Pictures with short captions:

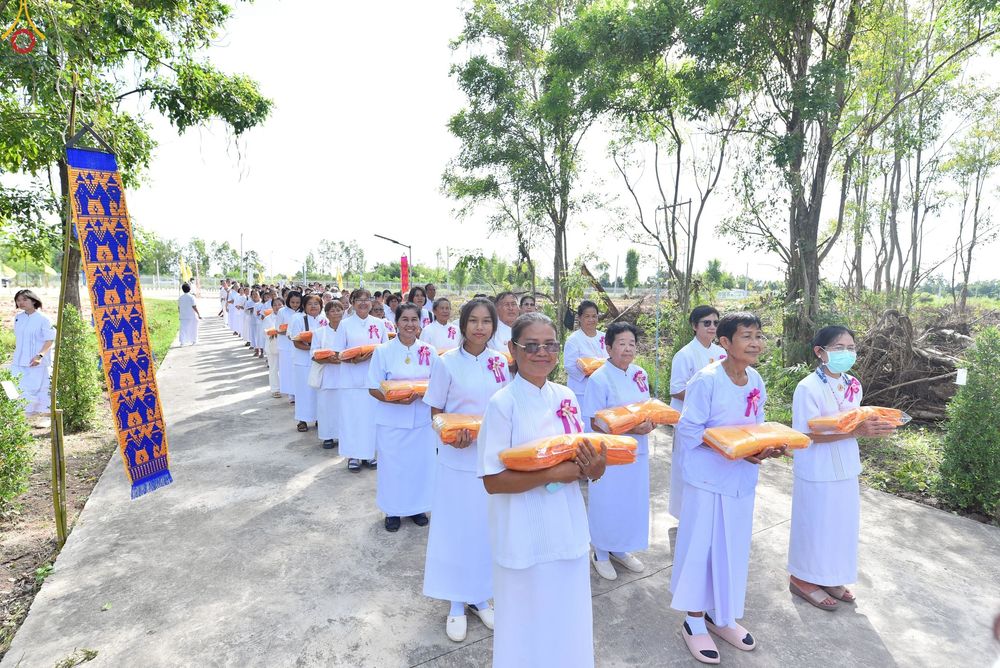 ภาพ No.260011:วันศุกร์ ที่ 17 ตุลาคม พ.ศ. 2568 ทอดกฐินสามัคคี "สร้างรัตนบัลลังก์ รองรับองค์พระประธาน"  ณ ธุดงคสถานนครสวรรค์ ต.หัวถนน อ.ท่าตะโก จ.นครสวรรค์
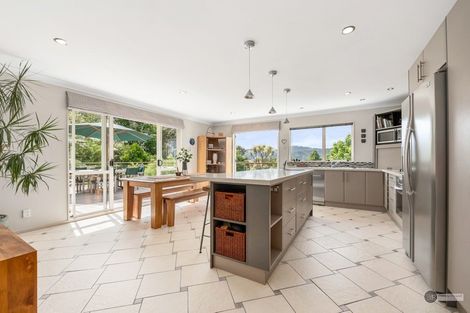 Photo of property in 10 Pomare Road, Tirohanga, Lower Hutt, 5010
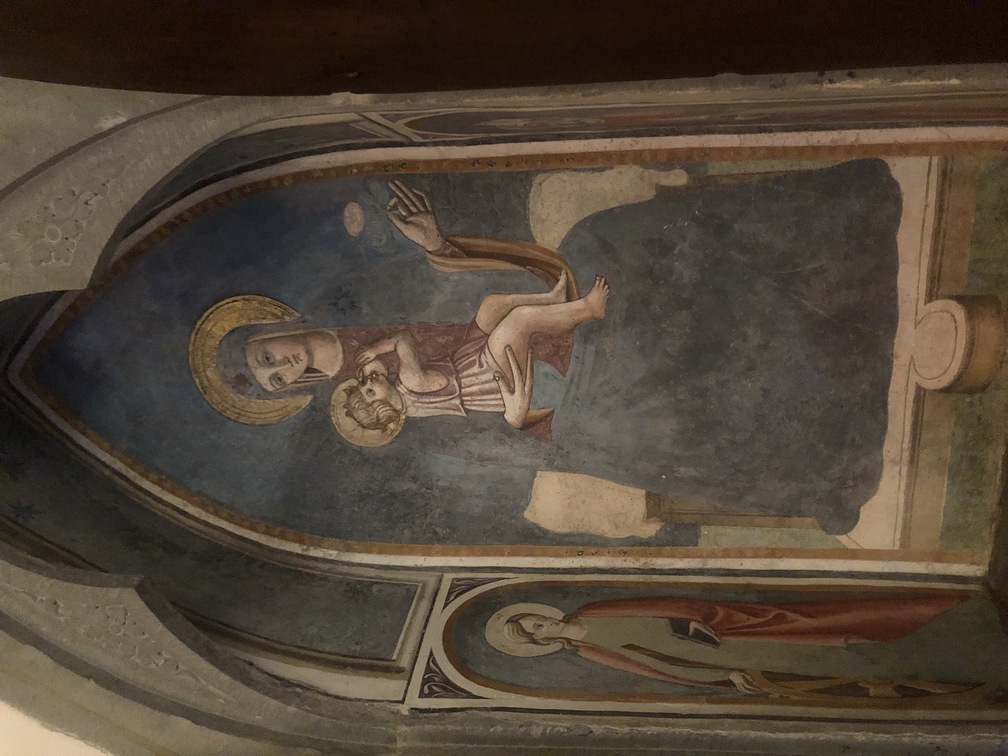 Villa Lemmi Tornabuoni - nicchia con Madonna col bambino, San Nicola e Santa Caterina.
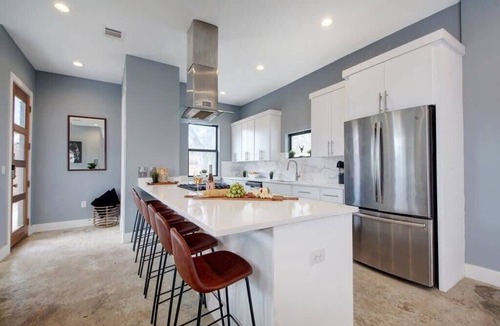 Montopolis House | Premium East Austin Home | Hot Tub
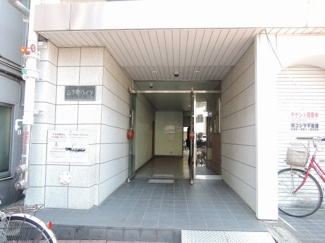 【エントランス】 | JR京浜東北線・根岸線「石川町」駅徒歩6分、みなとみらい線「元町・中華街」駅徒歩9分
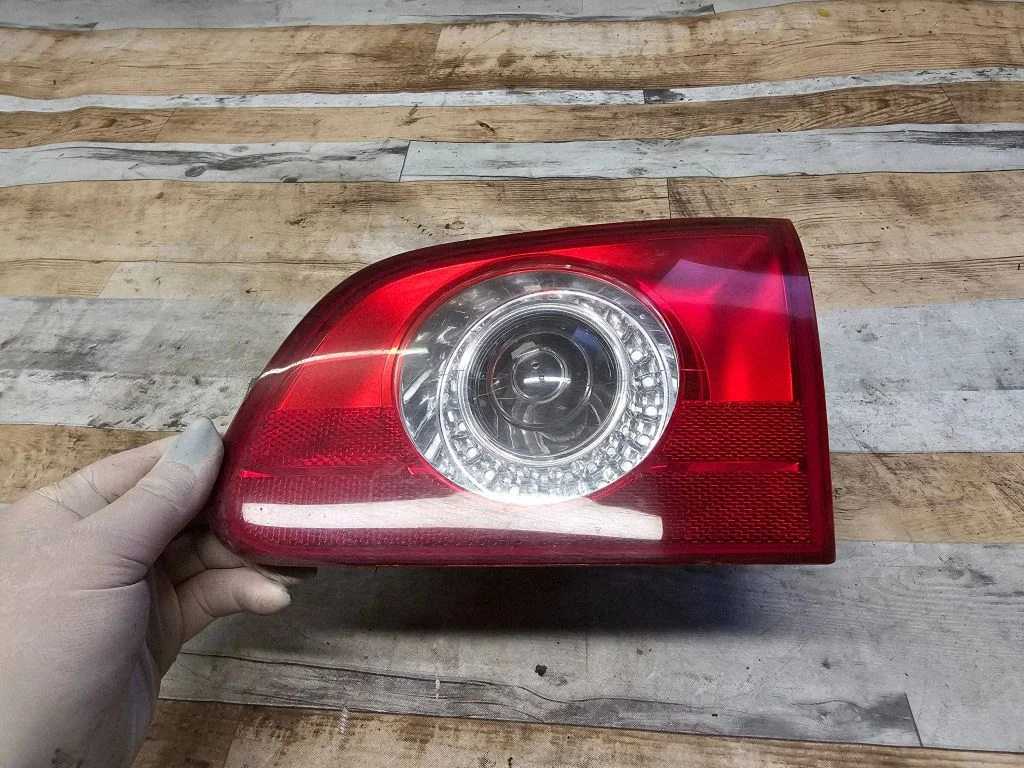 Tailgate rear/tail lights 3C9945094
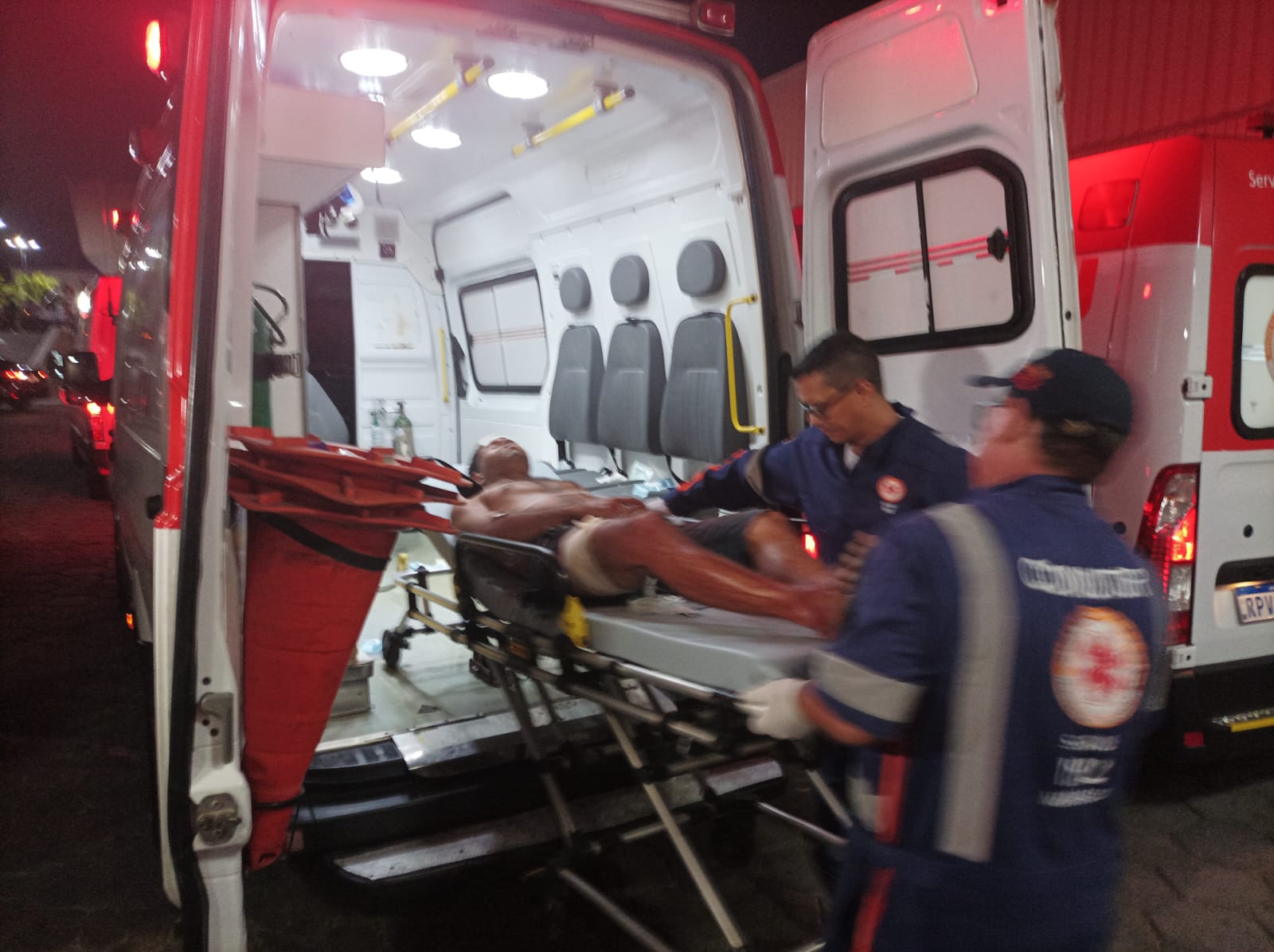 Pistoleiros atiram contra 6 pessoas em tentativa de chacina em Manaus; criança é baleada 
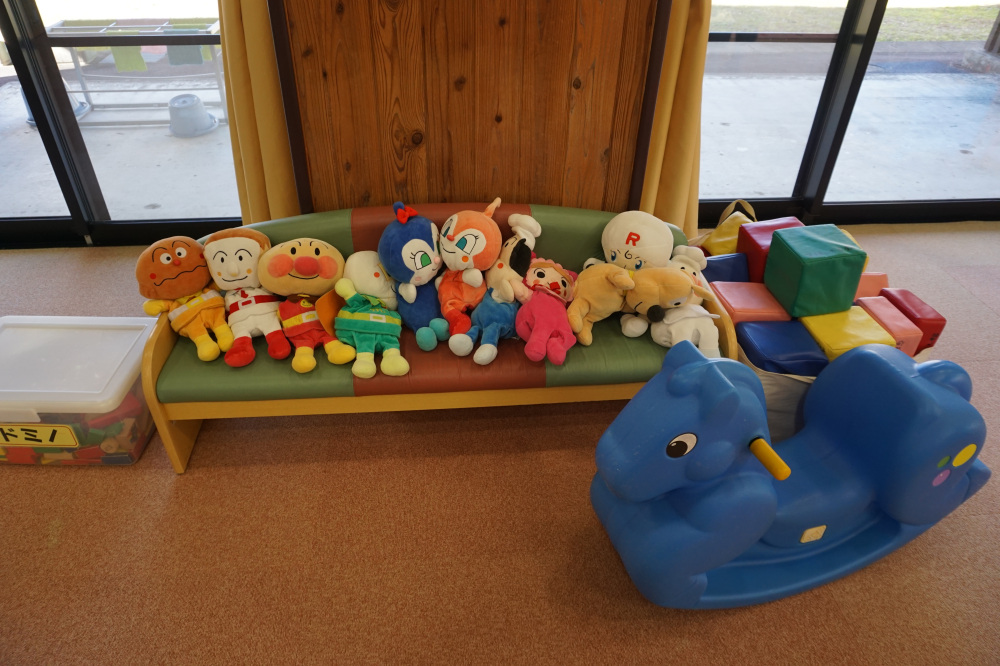 アンパンマンのぬいぐるみがズラリ。実はパペットでおままごとで大活躍します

Exercise objective – Print the lines from the beginning of the records up to and including the line containing "Photo of property", word for word, with no pictures.

Your response –
 ภาพ No.260011:วันศุกร์ ที่ 17 ตุลาคม พ.ศ. 2568 ทอดกฐินสามัคคี "สร้างรัตนบัลลังก์ รองรับองค์พระประธาน"  ณ ธุดงคสถานนครสวรรค์ ต.หัวถนน อ.ท่าตะโก จ.นครสวรรค์
 Photo of property in 10 Pomare Road, Tirohanga, Lower Hutt, 5010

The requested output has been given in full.